3. Religious Philosophy. Exercising our religious freedom, we believe in the religious doctrine generally outlined in the “Articles of Faith” of the Primitive Baptist Church. We will not restate them today in this column, but are guided by these basic religious concepts in our attempts to write and edit The Banner of Love in accordance with our basic rights of free speech and press.

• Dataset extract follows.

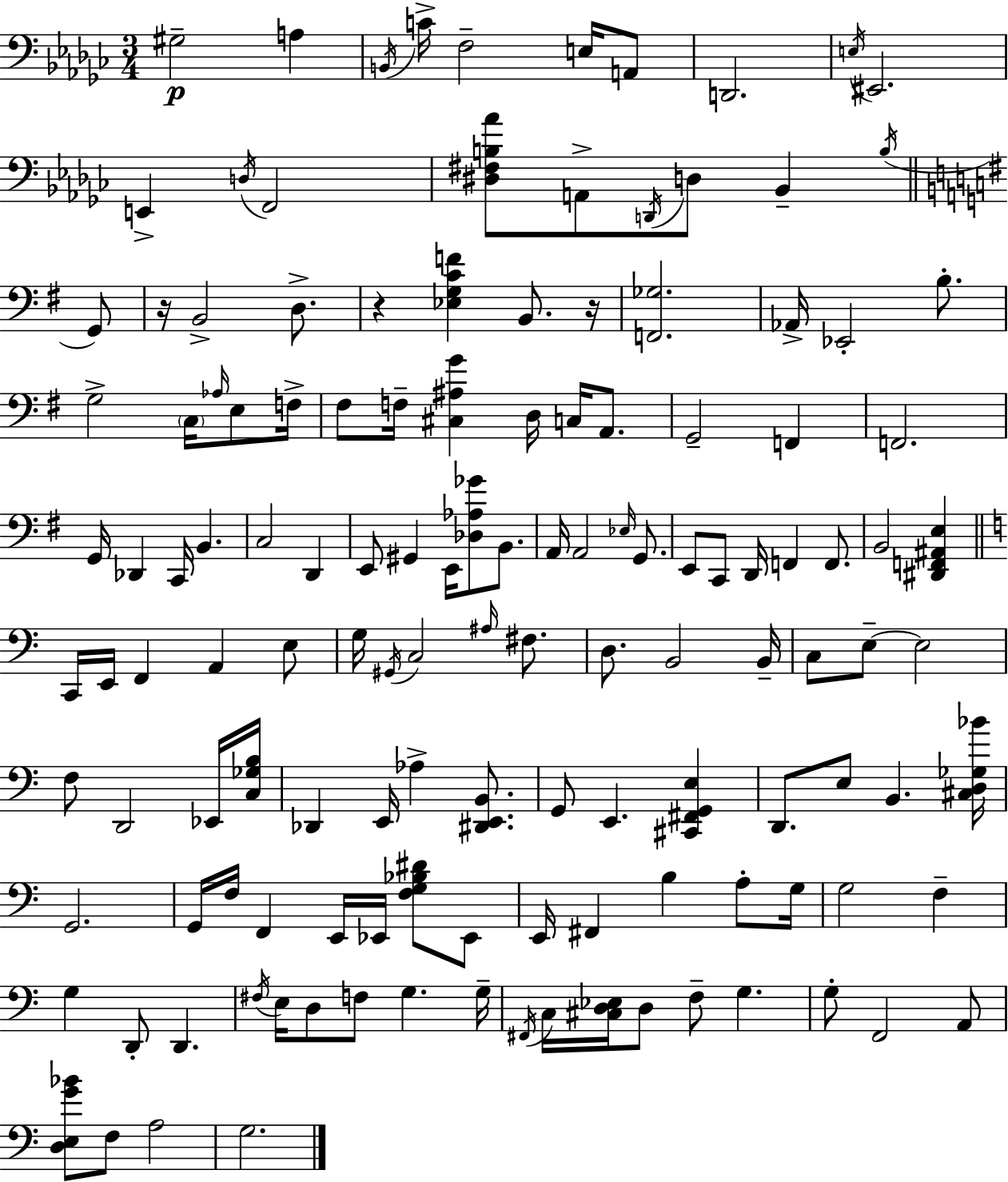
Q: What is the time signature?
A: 3/4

The most fundamental aspect of this religious philosophy is the doctrine of “sovereign grace” — that being that our Lord is the controller of our eternal fate according to His purpose. (Rom. 8:28). Our eternal destiny is subject to His unconditional love and grace, which was established before each of us was born, or the world formed. (Rom. 9:11; Eph 1:4, 2:8-10; II Tim. 1:7-10; Titus 3:3-8) No man, even ourselves, rises to a level in God’s eyes to be able to earn or justify our own eternal salvation.

Readers of The Banner of Love should expect to see these basic concepts followed in our editorial philosophies.

Finally, we are indebted to our generous writers. We would not have a newspaper without them. The inspiration in our writers is evident and we encourage and pray for their continued support.

We request your prayers that the will of the Lord will be displayed in all our efforts. It is all in His name; all glory to Him.